You Look Beautiful Like That: the Portrait Photographs of Seydou Keita and Malick Sidibe. . - eye - book review

Gregory Woods

You Look Beautiful Like That: The Portrait Photographs of Seydou Keita and Malick Sidibe by Michelle Lamuniere Yale University Press September 2001 $22.95 ISBN 0-300-09188-5

Whoever said, "A picture is worth a thousand words," understated the impact of a compelling image. The portraits in You Look Beautiful Like That: The Portrait Photographs of Seydou Keita and Malick Sidibe speak volumes, and not only about the subject of the image or the aesthetic elements of the photographic art form. What these pictures capture individually, and more so collectively, is a culture in transformation. Surprisingly, neither Keita nor Sidibe had such grand designs in mind when they began.

The photos depict portraits from the 1950s to the 1970s, a period of great transition for many newly independent African nations. In French Sudan, as Mali was known before 1960, the principal agent of change was post-colonial freedom. With it came a question of self-definition. If you were no longer a subject of the French republic who were you?
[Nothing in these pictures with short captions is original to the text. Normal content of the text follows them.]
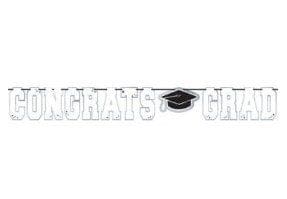 White Congrats Grad Letter Banner Decorations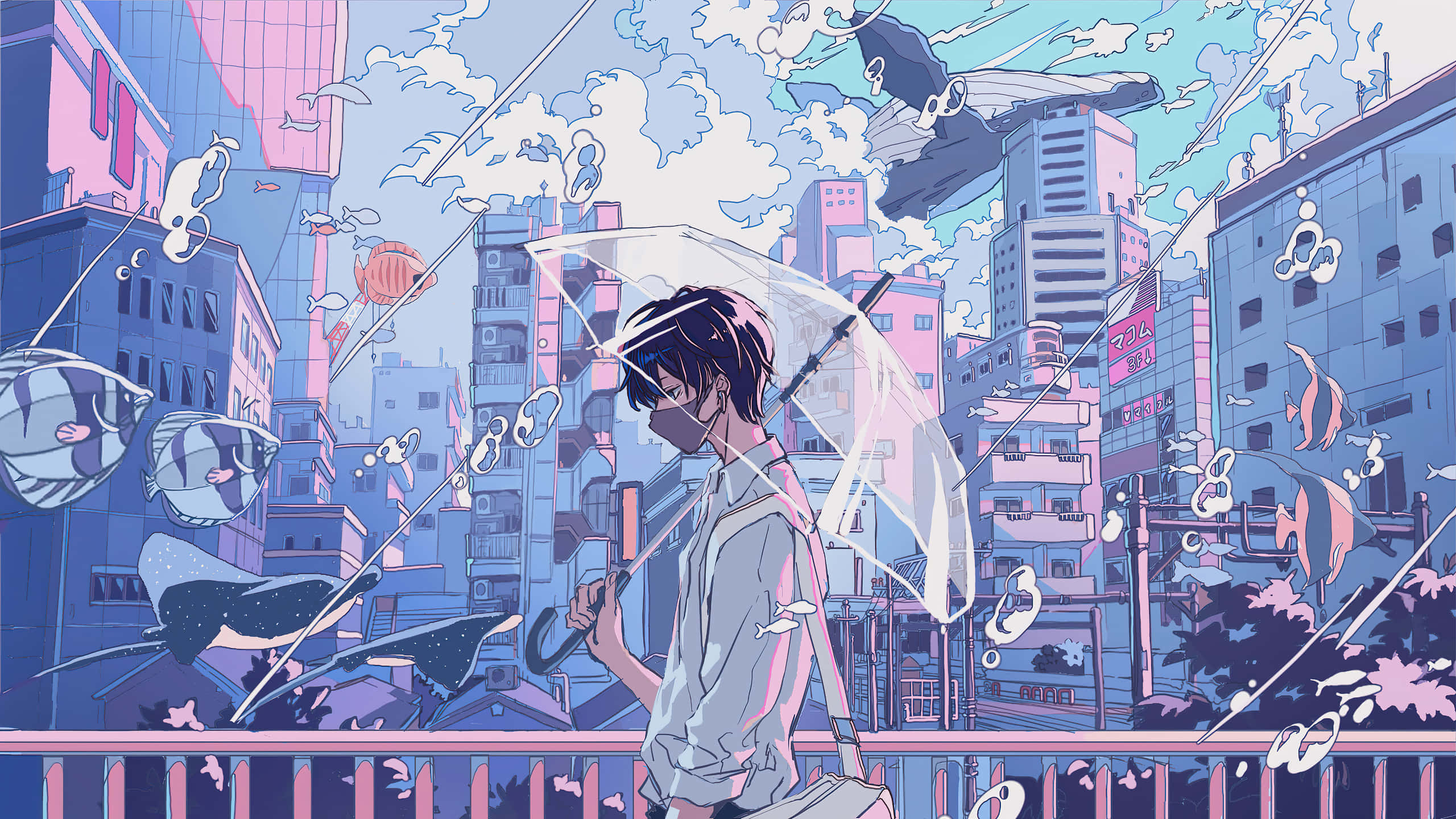 Anime Urban Fantasy2560x1440, clear umbrella, fish, 2K Desktop Wallpaper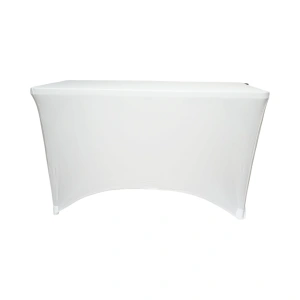 Husa pentru masa dreptunghiulara, culoare alba, elastica, dimensiune 180 x 70 x 74cm - Img 4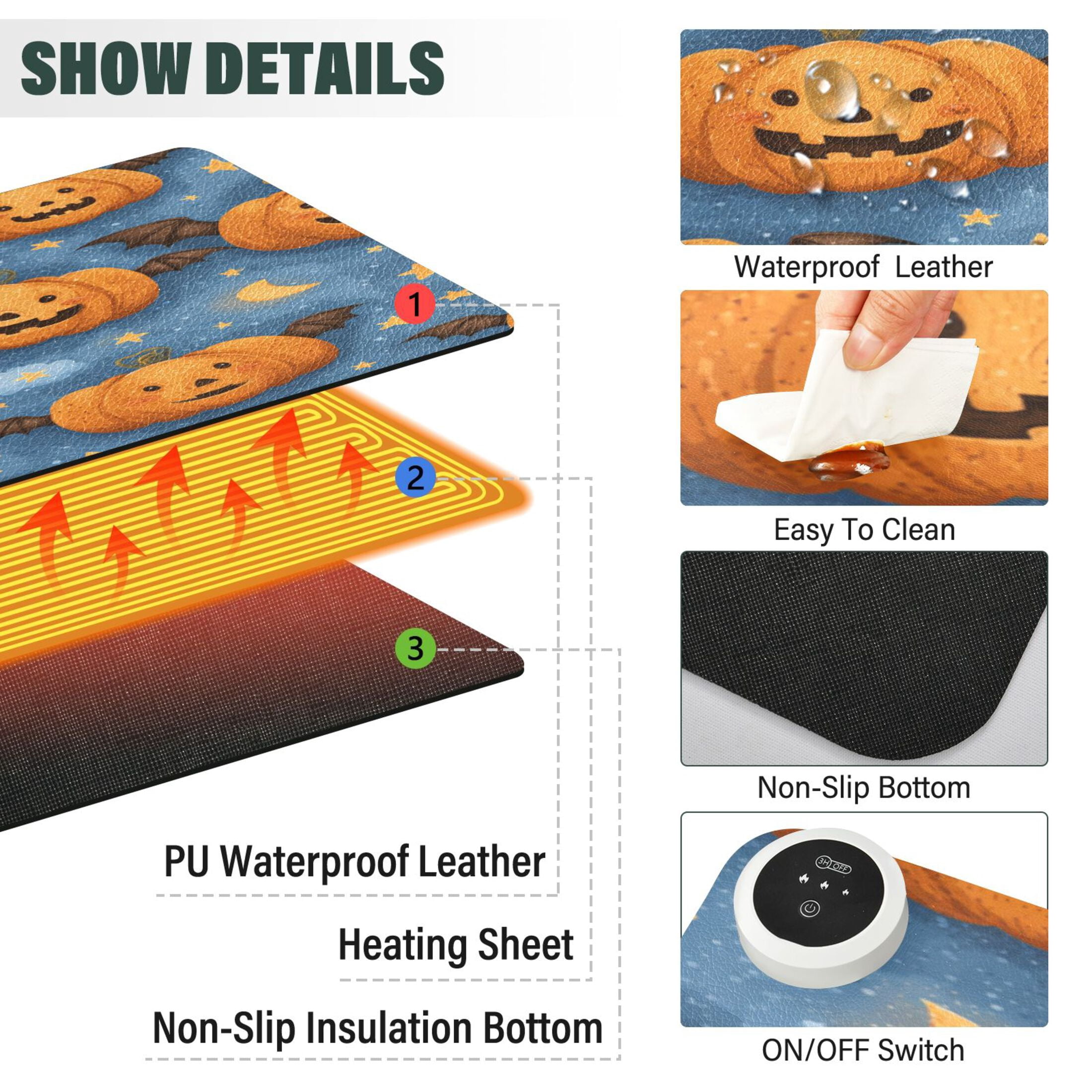 Large Heated Desk Mat Mouse Pad 31.5"x13"PU Leather Graphene Heating Desk Warmer with 3 Temperature Settings 110V US Plug Non-Slip Warm Pad for Home, Office, and Gaming Spooky Evil Pumpkin Designs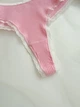 Бавовняні стрінги з мереживом і бантиком (арт. 0378) - XL - Рожевий - зображення 7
Complicating the issue of national identity was the rise of a distinct and separate youth culture. Into this heady mix, add a relatively new element--the African photographer. It is in this changing environment that Malian photographers Keita and Sidibe did most of their work.

Before there were Africans behind the camera, the images of Africans tended to be little more than stereotypes and "exotic" fantasies meant for consumption by non-Africans. The sense of re-definition and affirmation of self can be seen in the photographs by Keita and Sidibe of reclining women wrapped in traditional African textiles, or the man in his European suit and tie juxtaposed against his traditional tribal markings. There is the photograph of the three rural shepherds awkwardly trying to usher in the modern age holding studio-supplied radios. Another favorite is simply titled "Friends of Spain."

If you ever wondered how the brothers in Mali reacted to the psychedelics of Jimi Hendrix and Sly Stone, look no further. In comparison to the photographs taken earlier in the century by European photographers whose subjects seem uncomfortably aware that they are objects on display, the posers in Sidibe and Keita's works seem to say, "I am." In response, the camera answers, "And you look beautiful like that."

--Gregory Woods is a photographer and writer living in northern California.